Is it possible to update the type of a field inside of a struct column?
I have an explicit pyarrow schema defined which I have used to convert pandas to pyarrow, and I use it to alert me of new columns or to fill in missing columns with nulls. I am trying to replace pandas with polars, but I am running into errors when converting the dataframe into a pyarrow Table in order to cast the data types to match my historical data.
team_info = pa.struct(
[
("_id", pa.string()),
("name", pa.string()),
("status", pa.dictionary(index_type=pa.int32(), value_type=pa.string())),
]
)
schema = pa.schema(
[
("load_timestamp", pa.timestamp(unit="ns", tz="UTC")),
...
("team_info", team_info),
...
Polars expects the data type for all 3 of the nested fields to be "large_string" when I attempt to convert the dataframe to a pa.Table with my pre-defined schema.

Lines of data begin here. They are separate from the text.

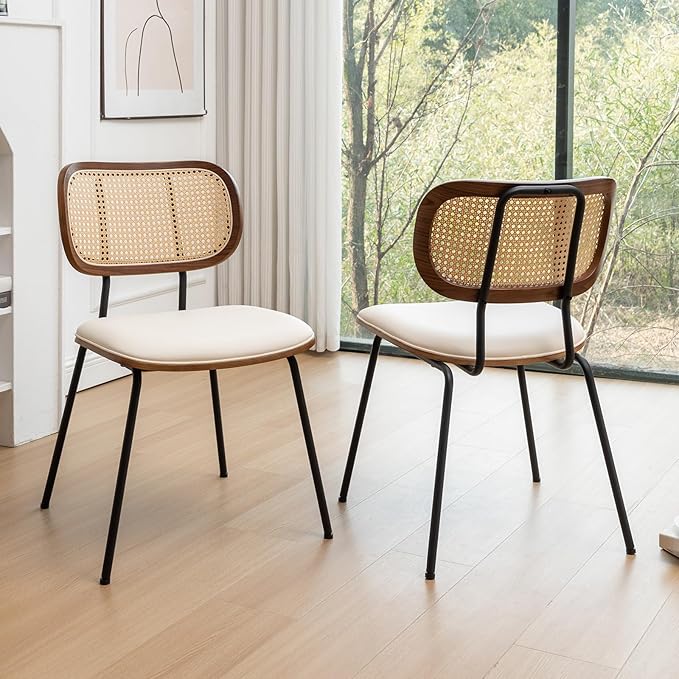 HOCEWI Rattan Dining Chairs Set of 4, Mid Century Modern Dining Chairs with Cane Back for Kitchen Dining Room, 19 Inch Faux Leather Beige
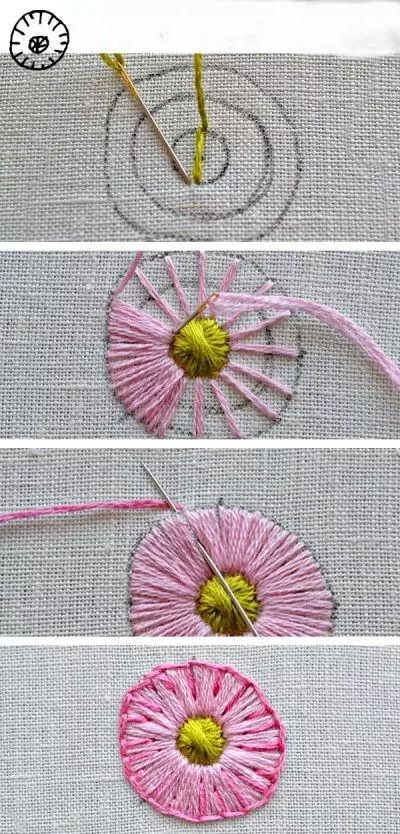 刺绣图片简单入门(10种很常见的花朵刺绣，平面立体都有，简单又易学！附图解教程)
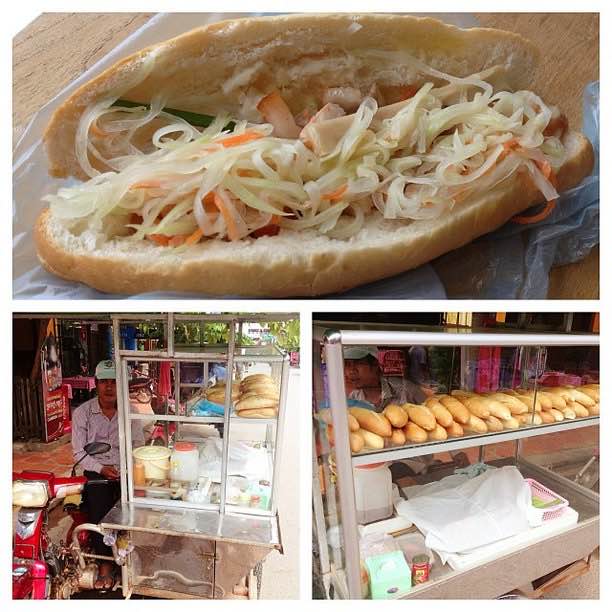 Khmer-style bánh mì from a bicycle cart
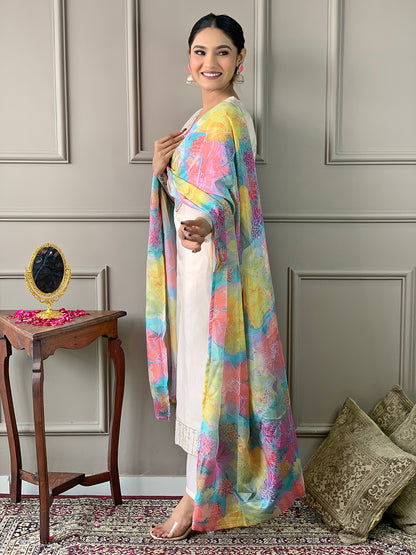 Cream Designer Kurti Set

return df.to_arrow().cast(schema)
I tried to create a function like this which casts the status column to categorical, but unfortunately this adds the field to the dataframe as a new column, instead of casting the nested field in-place.

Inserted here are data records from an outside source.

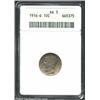 Image 1 : 1916-D 10C AG3 ANACS. Lavender and aqua patina, with charcoal color within the olive branches. The v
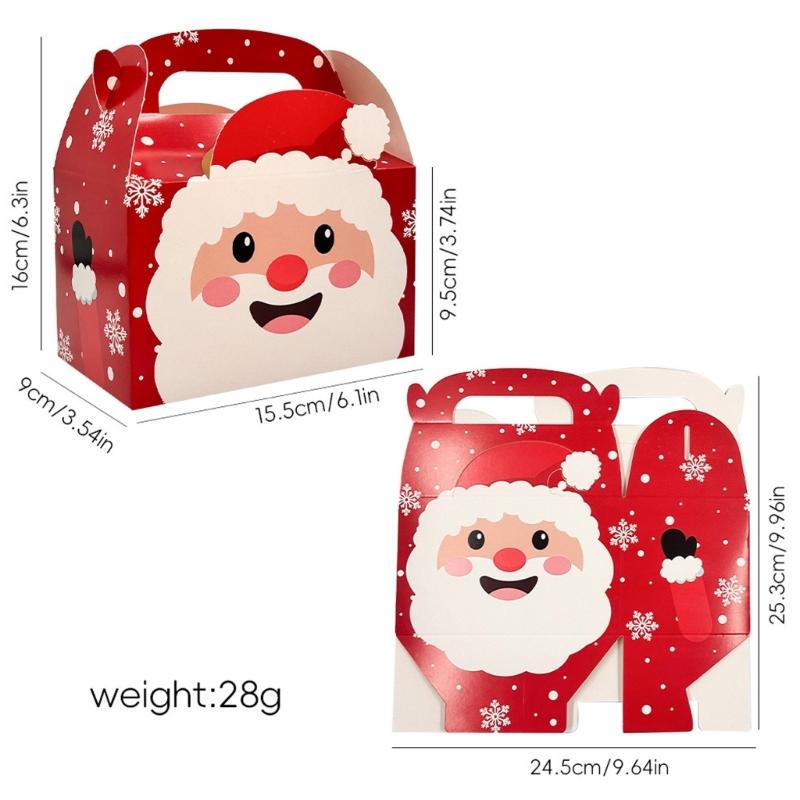 Environmental Friendly Paper Substance Christmas Holiday Party Candy Box With Handle For Cake Dessert Chocolate Gift Packaging Storage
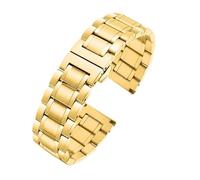 NFJNFCF Hochwertiges Edelstahl-Uhrenarmband mit flachem/gebogenem Ende, kompatibel mit Casio Tissot, kompatibel mit Seiko-Uhrenkette aus Metall, 18 mm, 20 mm, 22 mm(Style C-gold,14mm)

def update_nested_status(df: pl.DataFrame, nested_columns: list[str]) -> pl.DataFrame:
"""Fixes data types in the agent_info and monitor_info columns"""

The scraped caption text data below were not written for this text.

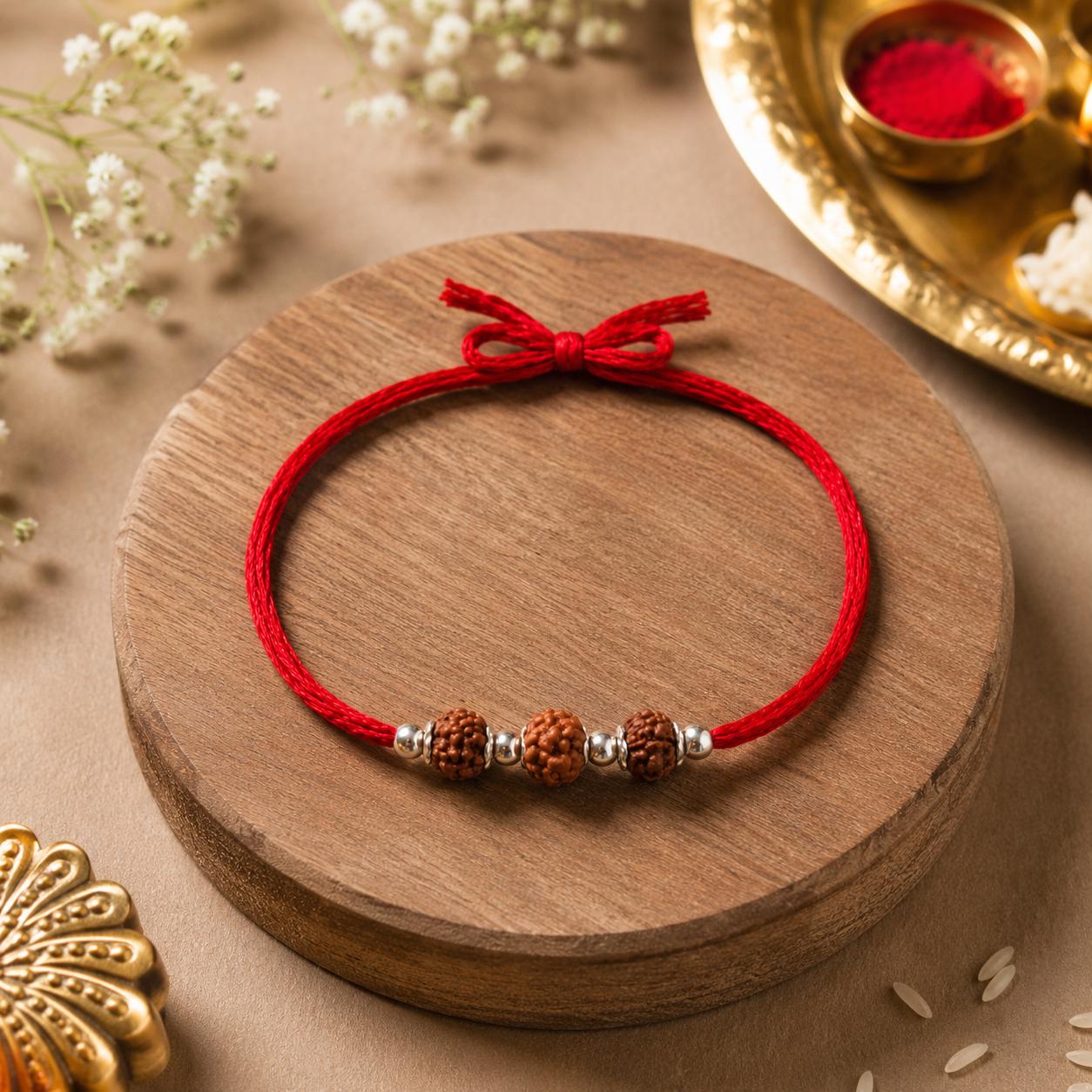 925 Sterling Silver Triple Rudraksha Rakhi - Image 6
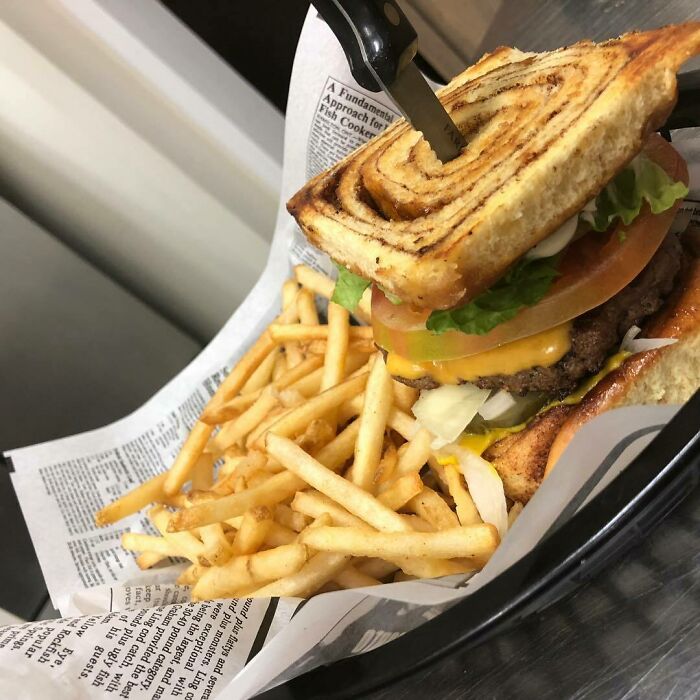 Cinnamon roll hamburger with fries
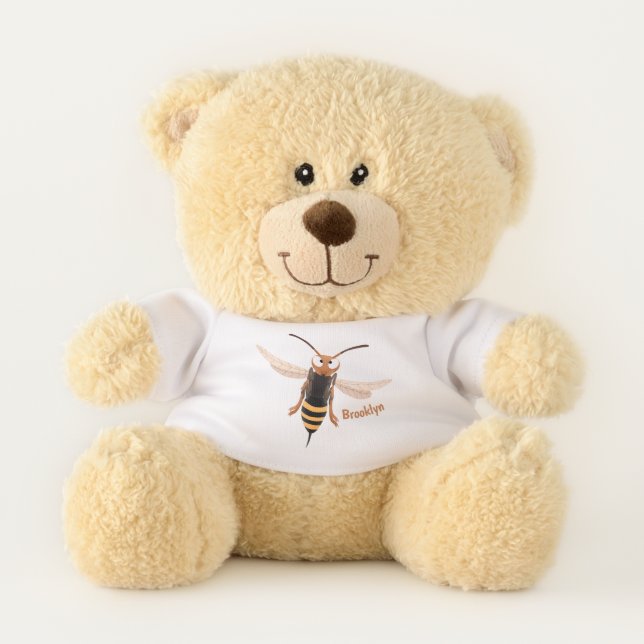 Funny angry hornet wasp cartoon illustration  teddy bear (Front)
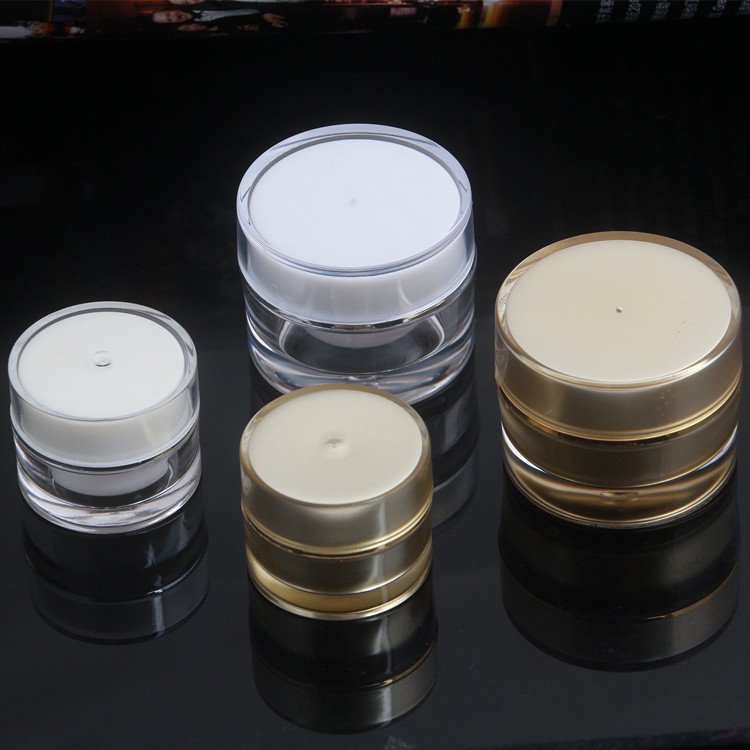5g 10g golden and white Round mini Acrylic Cream jar,small Cream Container, 5ml 10ml mini Cosmetic Packaging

cols = [df[col].struct.field("status").cast(pl.Categorical) for col in nested_columns]
return df.with_columns(cols)
Edit:
This is the function I ended up with. It seems to work so far and it casts the polars dtypes to what I have explicitly defined in pyarrow schema objects. It also reorders the columns based on how they are ordered in the pyarrow schema.
def align_polars_schema(df: pl.DataFrame, schema: pa.Schema) -> pl.DataFrame:
"""
Aligns the schema of a polars dataframe to a pyarrow schema
Args:
df: polars DataFrame
schema: pyarrow Schema
"""
schema = pl.from_arrow(schema.empty_table()).schema
df = df.with_columns([pl.col(col).cast(dtype) for col, dtype in schema.items()])
return df.select([pl.col(col) for col in schema.keys()])
As you've rightly pointed out, df[col].struct.field("status").cast(pl.Categorical)
extracts the status column from the struct, casts it and adds it to the df.
If you want to cast it within the struct column, you need to cast the struct column directly.
import polars as pl
df = pl.DataFrame(
{
"foo": [
{"name": "A", "status": "a"},
{"name": "B", "status": "b"},
{"name": "C", "status": "c"},
],
"bar": [
{"name": "A", "status": "a"},
{"name": "B", "status": "b"},
{"name": "C", "status": "c"},
],
"other": ["1", "2", "3"],
}
)
schema_after = pl.Struct(
[
pl.Field("name", pl.Categorical),
pl.Field("status", pl.Utf8),
]
)
df = df.with_columns([df[col].cast(schema_after) for col in ["foo", "bar"]])